In smaller PLCs the inputs are normally built in and are specified when purchasing the PLC.
For larger PLCs the inputs are purchased as modules, or cards, with 8 or 16 inputs of the same type on each card. For discussion purposes we will discuss all inputs as if they have been purchased as cards.
The list below shows typical ranges for input voltages, and is roughly in order of popularity.
- 12-24 Vdc
- 100-120 Vac
- 10-60 Vdc
- 12-24 Vac/dc
- 5 Vdc (TTL)
- 200-240 Vac
- 48 Vdc
- 24 Vac
PLC input cards rarely supply power, this means that an external power supply is needed to supply power for the inputs and sensors.
The example in below Figure shows how to connect an AC input card.
Figure: An AC Input Card and Ladder Logic
Note: inputs are normally high impedance. This means that they will use very little current.
In the example there are two inputs, one is a normally open push button, and the second is a temperature switch, or thermal relay.
Both of the switches are powered by the positive/ hot output of the 24Vac power supply - this is like the positive terminal on a DC supply.
Power is supplied to the left side of both of the switches. When the switches are open there is no voltage passed to the input card. If either of the switches are closed power will be supplied to the input card.
In this case inputs 1 and 3 are used - notice that the inputs start at 0. The input card compares these voltages to the common. If the input voltage is within a given tolerance range the inputs will switch on.
Ladder logic is shown in the figure for the inputs. Here it uses Allen Bradley notation for ControlLogix. At the top is the tag (variable name) for the rack.
The input card (’I’) is in slot 3, so the address for the card is bob:3.I.Data.x, where ’x’ is the input bit number. These addresses can also be given alias tags to make the ladder logic less confusing.
NOTE: The design process will be much easier if the inputs and outputs are planned first, and the tags are entered before the ladder logic. Then the program is entered using the much simpler tag names.
Many beginners become confused about where connections are needed in the circuit above. The key word to remember is circuit, which means that there is a full loop that the voltage must be able to follow.
In above Figure we can start following the circuit (loop) at the power supply. The path goes through the switches, through the input card, and back to the power supply where it flows back through to the start.

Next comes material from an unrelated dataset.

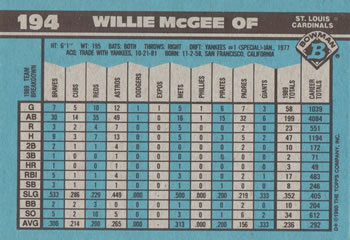 Willie McGee  baseball card collectible - Main Image 2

In a full PLC implementation there will be many circuits that must each be complete.
A second important concept is the common. Here the neutral on the power supply is the common, or reference voltage. In effect we have chosen this to be our 0V reference, and all other voltages are measured relative to it. If we had a second power supply, we would also need to connect the neutral so that both neutrals would be connected to the same common.
Often common and ground will be confused. The common is a reference, or datum voltage that is used for 0V, but the ground is used to prevent shocks and damage to equipment. The ground is connected under a building to a metal pipe or grid in the ground.
This is connected to the electrical system of a building, to the power outlets, where the metal cases of electrical equipment are connected. When power flows through the ground it is bad. Unfortunately many engineers, and manufacturers mix up ground and common. It is very common to find a power supply with the ground and common mislabeled.
Remember - Don’t mix up the ground and common. Don’t connect them together if the common of your device is connected to a common on another device.
One final concept that tends to trap beginners is that each input card is isolated. This means that if you have connected a common to only one card, then the other cards are not connected. When this happens the other cards will not work properly. You must connect a common for each of the output cards.
There are many trade-offs when deciding which type of input cards to use.
DC voltages are usually lower, and therefore safer (i.e., 12-24V).
DC inputs are very fast, AC inputs require a longer on-time. For example, a 60Hz wave may require up to 1/60sec for reasonable recognition.
DC voltages can be connected to larger variety of electrical systems.
AC signals are more immune to noise than DC, so they are suited to long distances, and noisy (magnetic) environments.
AC power is easier and less expensive to supply to equipment.
AC signals are very common in many existing automation devices.
PLC inputs must convert a variety of logic levels to the 5Vdc logic levels used on the data bus.
This can be done with circuits similar to those shown below.
Basically the circuits condition the input to drive an optocoupler. This electrically isolates the external electrical circuitry from the internal circuitry.
Other circuit components are used to guard against excess or reversed voltage polarity.